Die Brennnessel (Urtica dioica L. - große Brennnessel und Urtica urens L. kleine Brennnessel) ist eine seit Jahrhunderten geschätzte Heilpflanze, die sowohl in der Schulmedizin als auch in der Naturheilkunde ihren festen Platz hat. Sie enthält eine Vielzahl wertvoller Inhaltsstoffe wie Flavonoide, Mineralstoffe, Kieselsäure, Sterole und organische Säuren, die ihr eine entwässernde, entzündungshemmende und stoffwechselanregende Wirkung verleihen.

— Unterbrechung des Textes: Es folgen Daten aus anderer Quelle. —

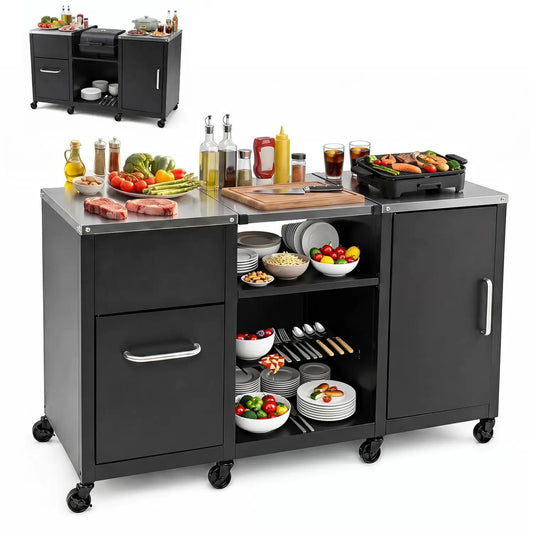 Outdoor grill table 59in by DirectDeals, black steel top with removable shelves and storage on Tampa Home & Garden Store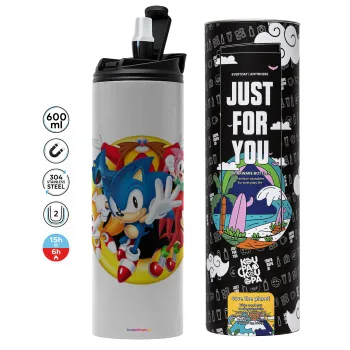Sonic and friends, Tumbler stainless steel GREY 600ml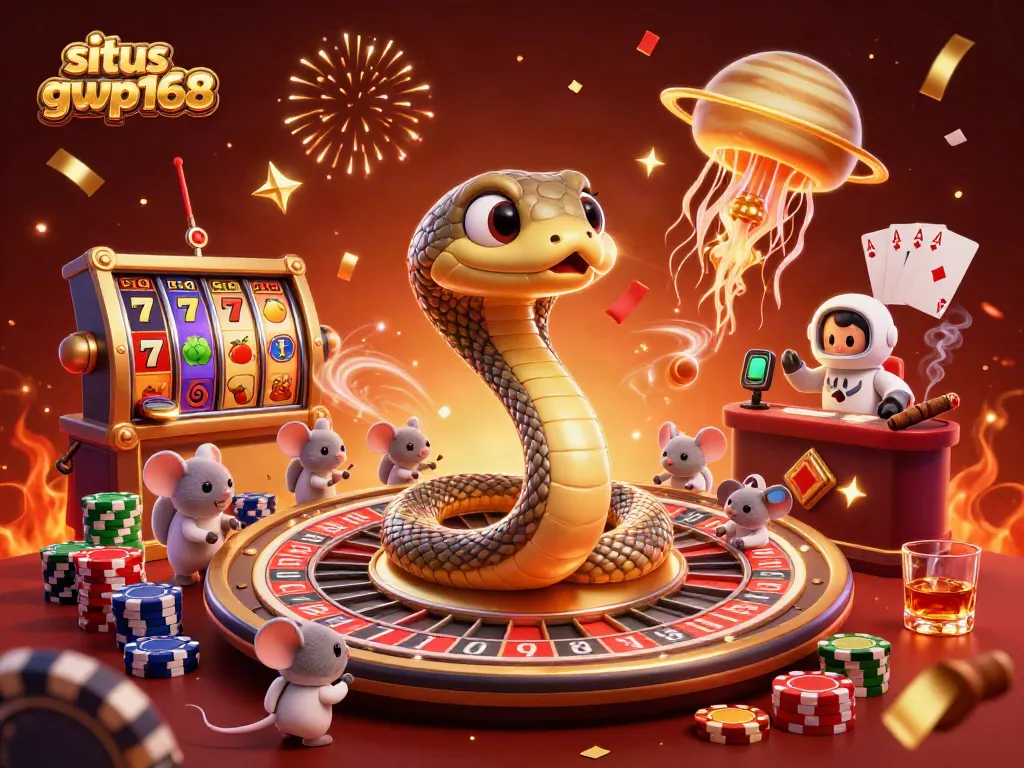 Permainan menarik di situs gwp168 dengan ilustrasi 3D kasino berwarna-warni dan karakter lucu.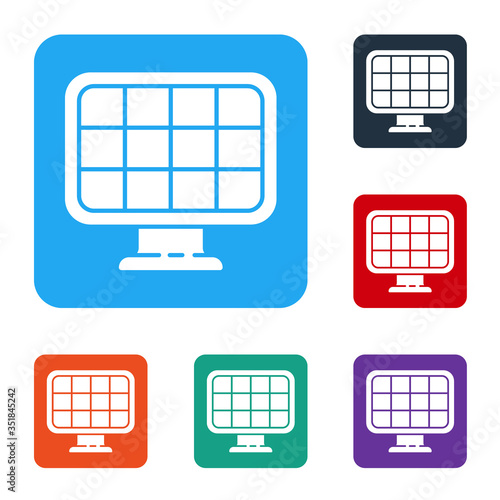 White Solar energy panel icon isolated on white background. Set icons in color square buttons. Vector Illustration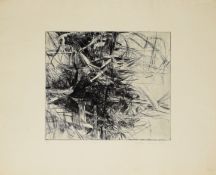 Agathe Sorel (born 1935), "Fumee", black and white etching, signed, dated 1961, numbered 1/50 and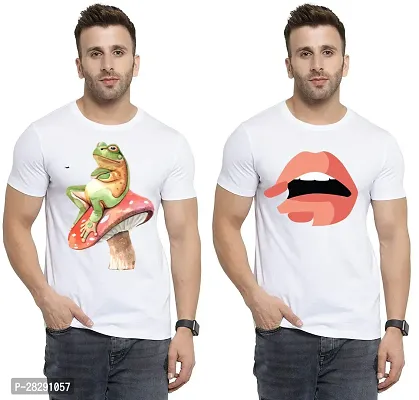 Stylish White Polycotton Half Sleeve Printed Round Neck Tees For Men Pack Of 2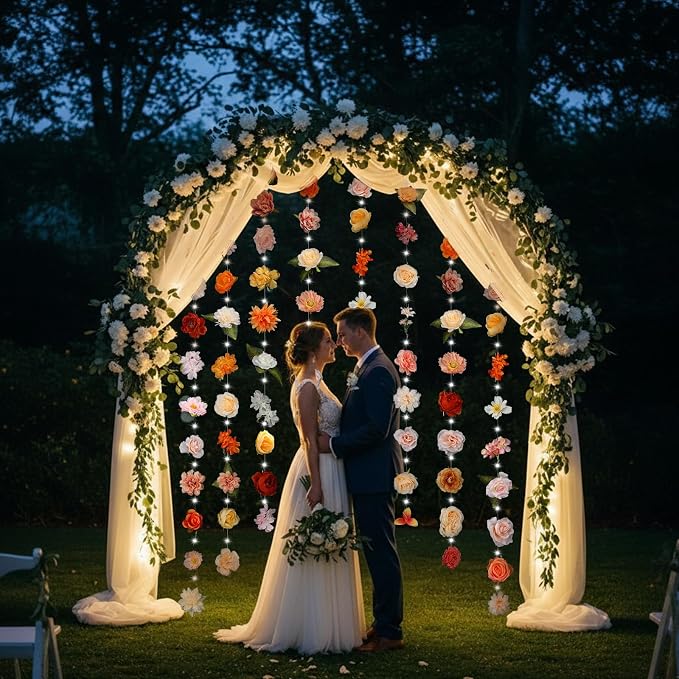 Suncalla 6 Pack 35.4ft Fake Flower Garland Backdrop with LED Lights Hanging Wildflower Floral Vine Decorations for Wedding Bridal Shower Birthday Baby Shower Party Backdrop(Bright,Multicolor)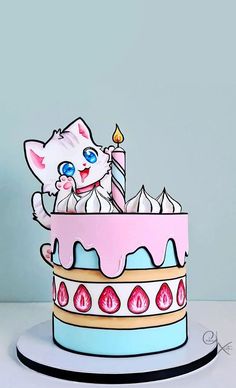 a cat is sitting on top of a birthday cake with a lit candle in it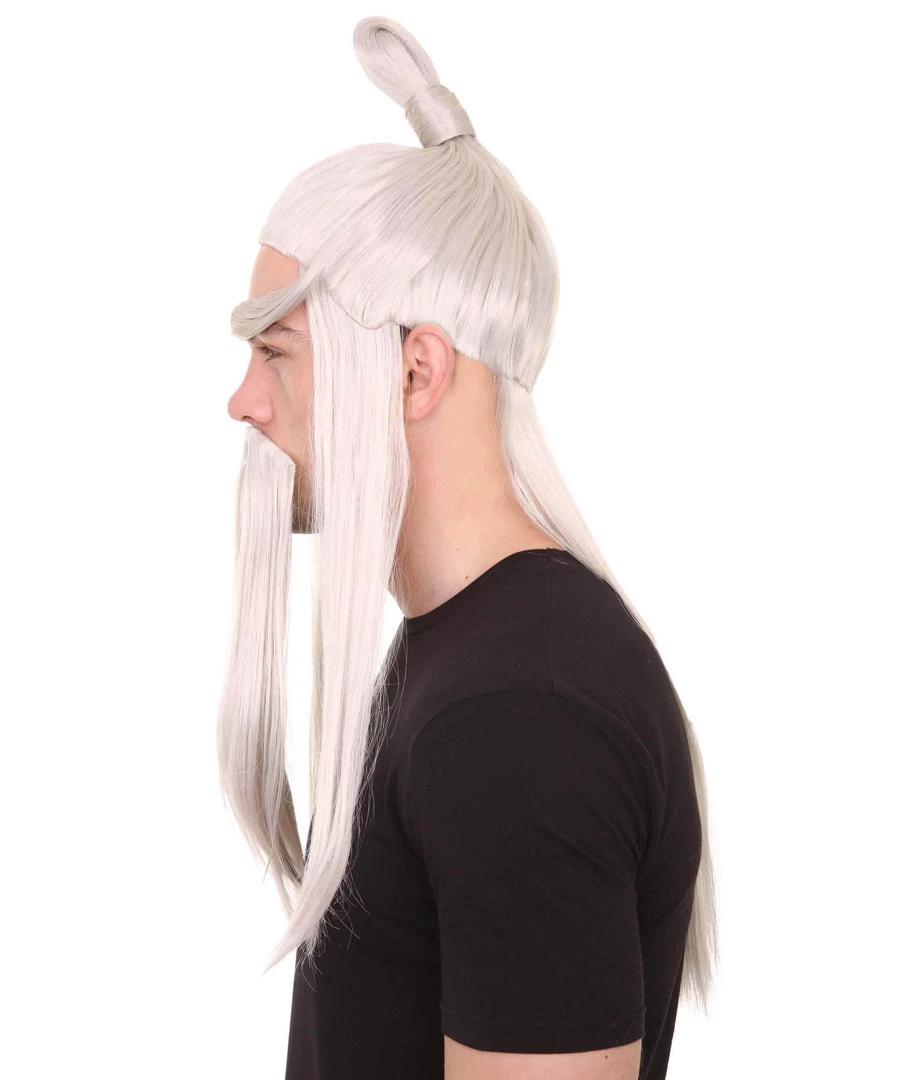 HPO Martial Arts Master Mens Wig Beard Eyebrow Set | Asian Wig | Premium Breathable Capless Cap 4 HPO Martial Arts Master Mens Wig Beard Eyebrow Set | Asian Wig | Premium Breathable Capless Cap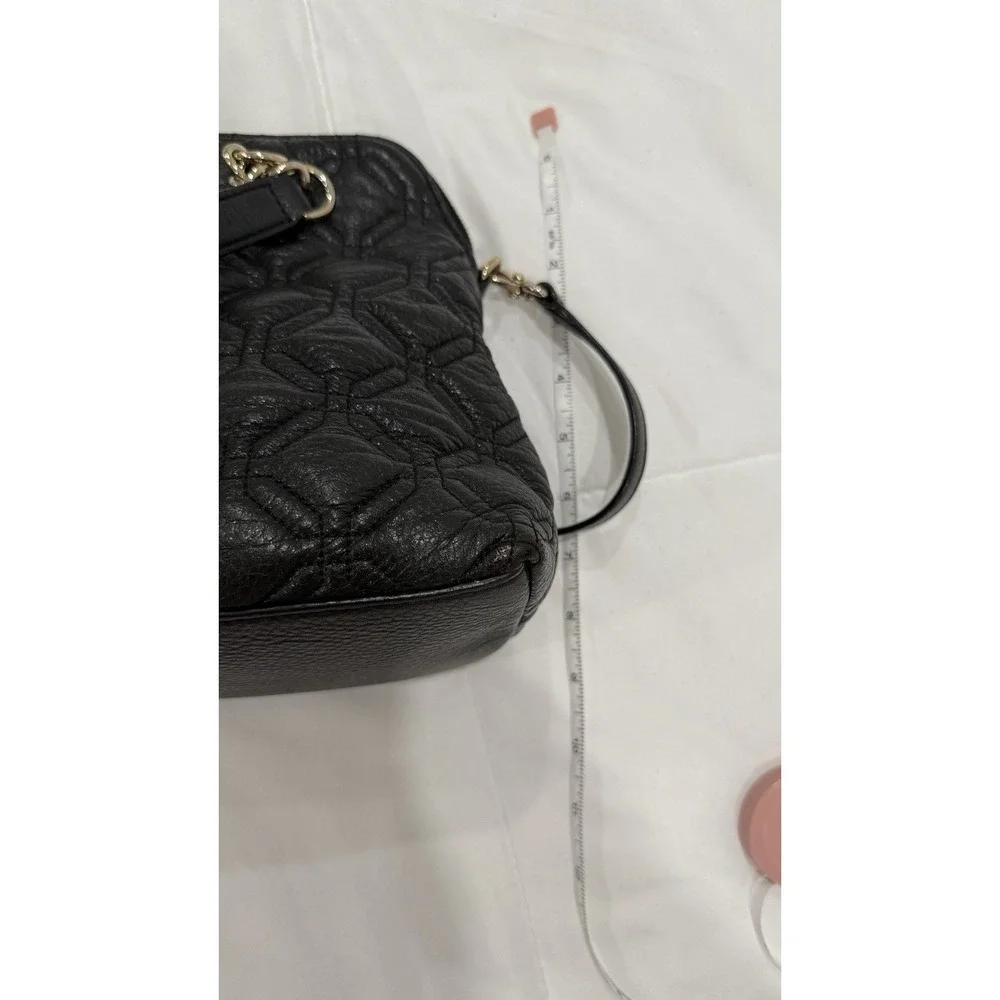 Kate Spade Black Quilted Leather Satchel Crossbody‎ Bag Chain Handle Handbag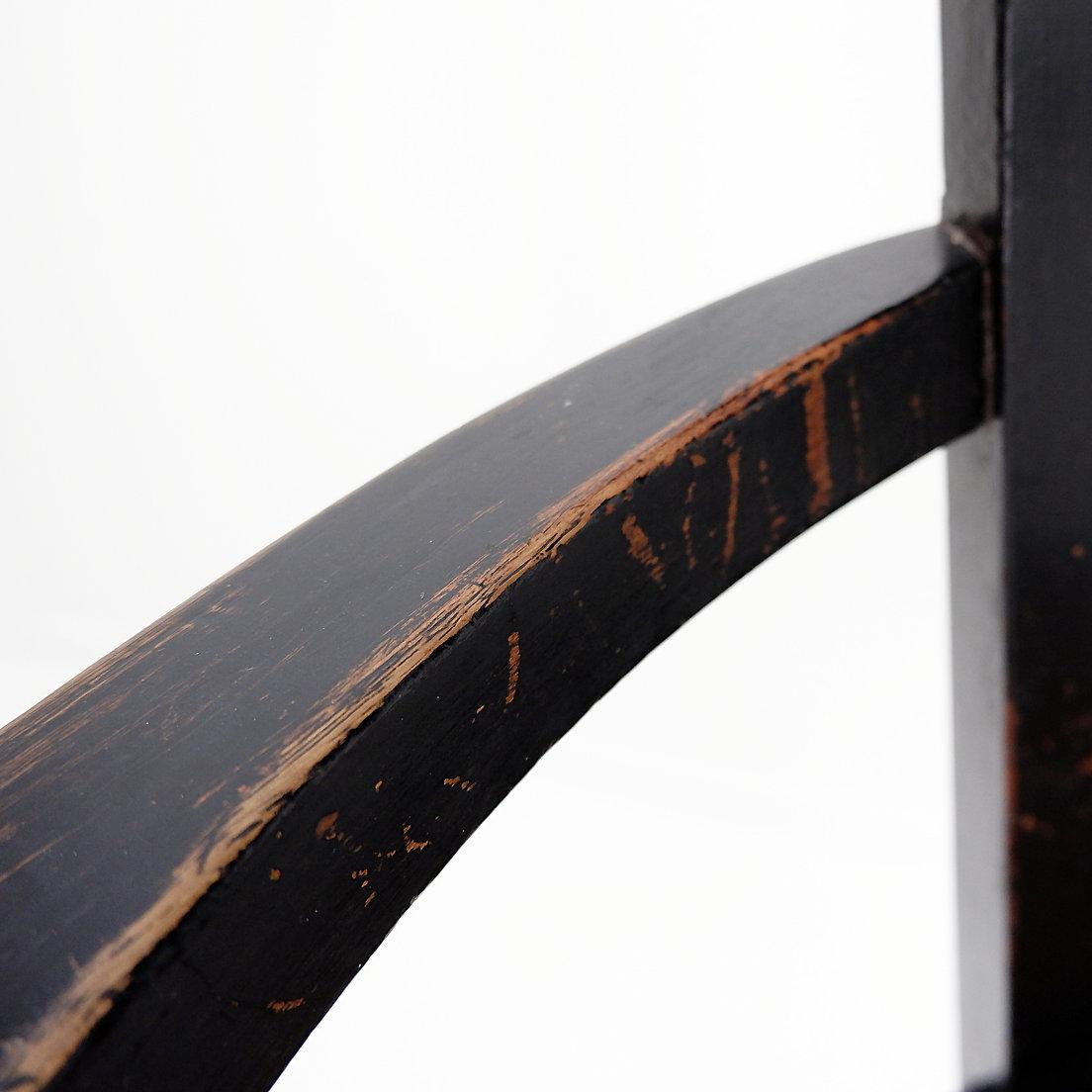 19th century black stained oak liner Ship's Swivel Chair For Sale 1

Als Pionierpflanze ist die Brennnessel weltweit in gemäßigten Zonen verbreitet, sie gedeiht an Garten- und Wegrändern, Unkrautfluren und vielen anderen Standorten. Die große Brennnessel wird bis 150 cm groß, die kleine Brennnessel bis 50 cm. Ihre Blätter sind mit Brennhaaren überzogen, diese langen und spröden Röhren sind unter anderem mit Ameisensäure gefüllt. Bei Berührung knicken die Brennhaare ab und befördern dadurch Substanzen in die Haut, die Schmerzen und Schwellungen auslösen. Die Brennnessel blüht von Juli bis September. Von der Blütezeit ab und später, brennt die Brennnessel am stärksten.
Inhaltsstoffe und ihre Wirkung
Die Blätter der Pflanze sind ein kalorienarmer Lieferant für Proteine. Das liegt am sehr geringen Fett- und Kohlenhydratanteil. Aus diesem Grund eignet sich die Brennnessel (natürlich in Maßen) für Diäten und kann auch sonst immer Verwendung finden. Ein weiterer Grund, weshalb man die Brennnessel häufiger in den Speiseplan integrieren sollte, ist das Vorkommen wichtiger Mikronährstoffe in großen Menge. Das grüne Gewächs enthält mehr Vitamin C als Zitrusfrüchte oder die Paprika und mehr Beta-Carotin als Karotten. Des Weiteren decken 100g Brennnessel mehr als ein Drittel des Tagesbedarfs an Calcium, Mangan und Eisen. Da Vitamin C bekanntlich die Aufnahme von Eisen unterstützt gilt die Brennnessel als eine optimale Quelle für das Spurenelement.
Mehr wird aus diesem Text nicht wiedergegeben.